Espace des Arts de Chalon-sur-Saône
Espace des Arts in Chalon-sur-Saône (c) François Brix

L'Atelier d'Architecture Pierre Hebbelinck (Liège) has been chosen to carry out three French renovation, restructuring and transformation projects, in Lyon and Chalon, in collaboration with the Lille architects HBAAT.

Inauguration of the Espace des Arts in Chalon

The National Stage at the Espace des Arts in Chalon-sur-Saône was reopened at the end of September.

The Espace des Arts is one of the first major French buildings to offer culture accessible to all.  -Its renovation and modernisation pose the issues of the imperatives surrounding it: spectator comfort with the identity of a city in its region, armchair padding offering relations with the territory...everything is related. Quite apart from its historic worth as a construction, the building is above all a piece of priceless patrimony. The memory of the place is a real root which we would like to preserve through this project. This will enable us to plan to best effect the construction-related aspects of this architecture, the legacy of lost modernity.
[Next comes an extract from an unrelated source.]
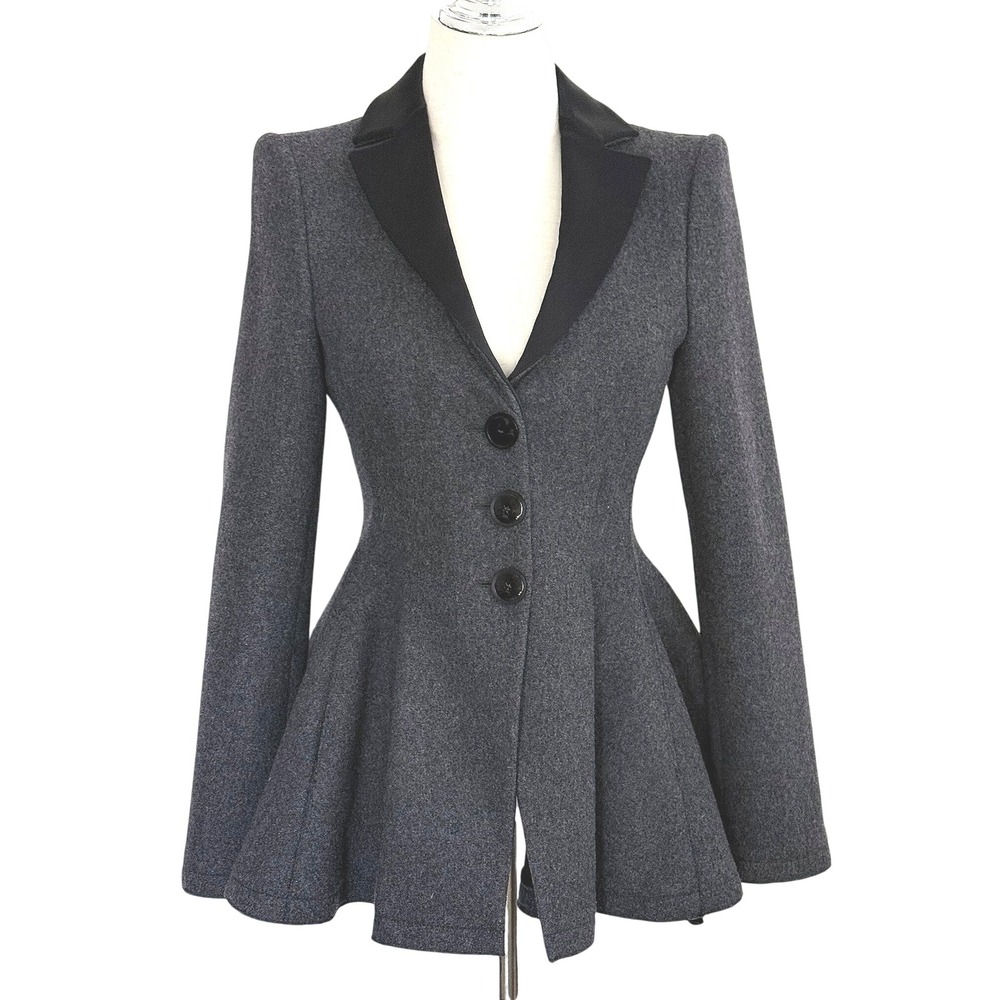 Vintage Emporio Armani Charcoal Grey Wool Peplum Blazer Jacket Size 6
The venue includes 3 cinema rooms (to seat 850, 500 and 100), exhibition halls, a café, accommodation and space for artists. Visibility and access to the site are provided thanks to major work in reception areas and opening up the space beneath the cantilever of the large room, as well as the elevation of the stage tower for the artists’ accommodation.

Restructuring the Palais Guimet and building at Maison de la Danse in Lyon.
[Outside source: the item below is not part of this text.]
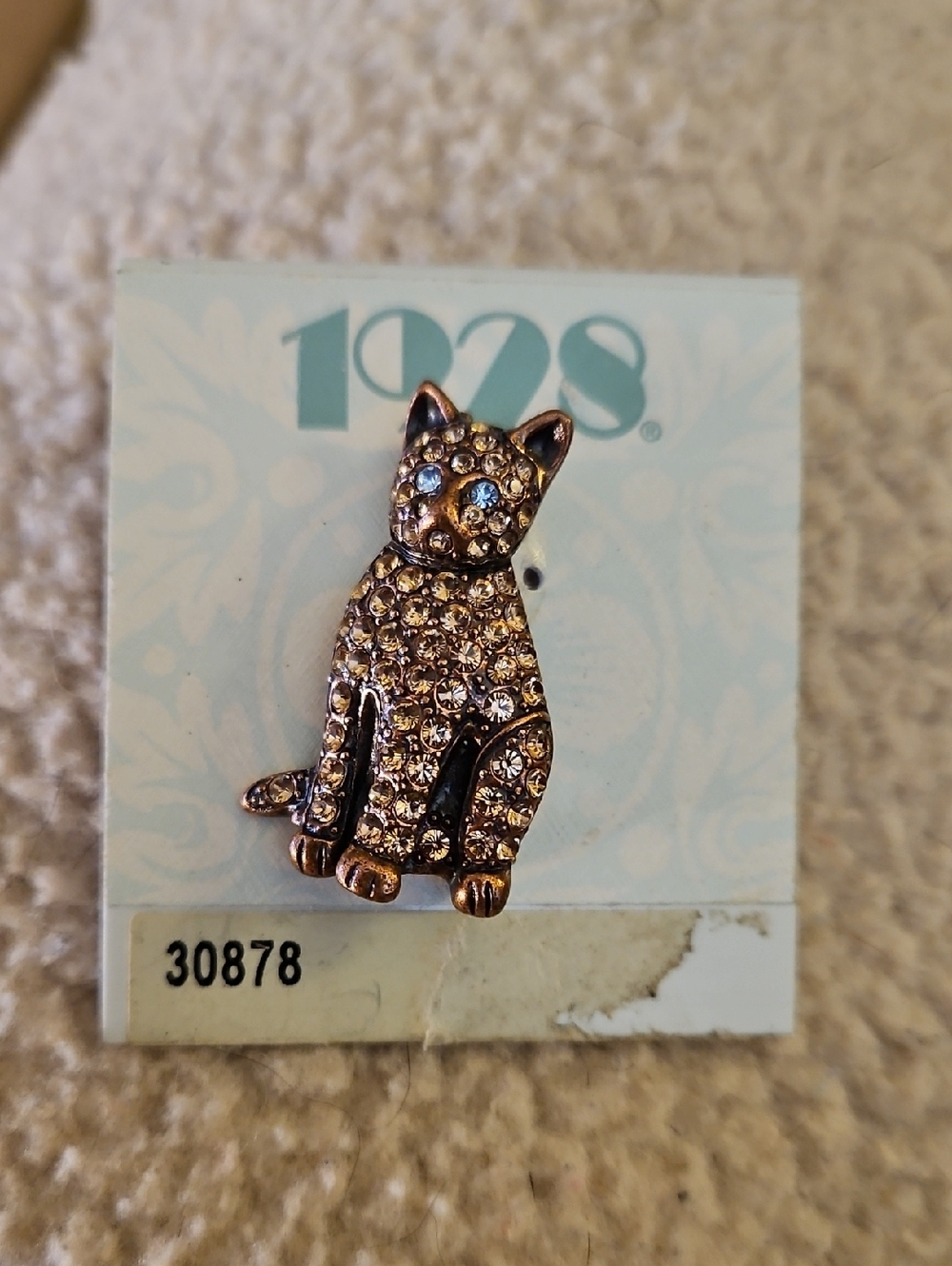 1928 Crystal Cat Brooch Pin w/ Rhinestone Crystals NEW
After many trips to the East, the industrialist Emile Guimet decided to create the Palais Guimet, a sort of museum of Asiatic religions, in 1879. Since it was created, the Palais has seen successive, atypical and prestigious programmes which have made it the epitome of the architecture which is now to be restored. In this case, we are talking about reinventing the heritage of a bygone age by revealing the treasures of a heritage which has become lost in the mists of time, seeking to create a contemporary cultural facility resolutely visible from the city.

Cohabitation between the existing archaeology museum and the new programme defined by the Maison de la Danse results in gatherings spatially rewritten through the architectural work of those who pass through. The existing Rotunda is being scooped out, transforming it into a splendid meeting place by virtue of zenithal light and the presence of two-way circular traffic. The cinema room, triple-height and situated in the heart of the building, plays with the levels using the route taken by the balcony and staircases. Thus, the architecture incites “being seen without being seen”. The extension accentuates this feeling and subtly plays with the materiality of striated and transparent glass. It houses the staircase and the contemporary triangular stone of the Guimet edifice and thus creates a “theatre of shade and lights” as users circulate.

Transforming and extending the Theo Argence theatre in Lyon.

The project aims to provide comfort both for artists – through dressing rooms and the quality of the two rooms as space for games, acoustics and a stage design tool – and players in theatre life, from the usherette to the director, not to mention technicians, and finally the public, newcomers and long-established enthusiasts alike.

Like any city theatre, the renovation project will focus on three areas. Firstly, the view of the floor is being transformed to bring it into line with the large space overlooking place Ferdinand Buisson. The second aspect is something that some might define as the body of the theatre, transforming the stage and reworking access in the two large rooms, but especially extending the back in order to set the scene at city level. By playing with the transparent and opalescent glazing of the rear façade, overhanging the front façade, the theatre’s interior light thus shines like a city street lamp. Finally, reorganising administrative departments, technical facilities and dressing rooms, placed either side of the large room, will make theatre life visible from the city.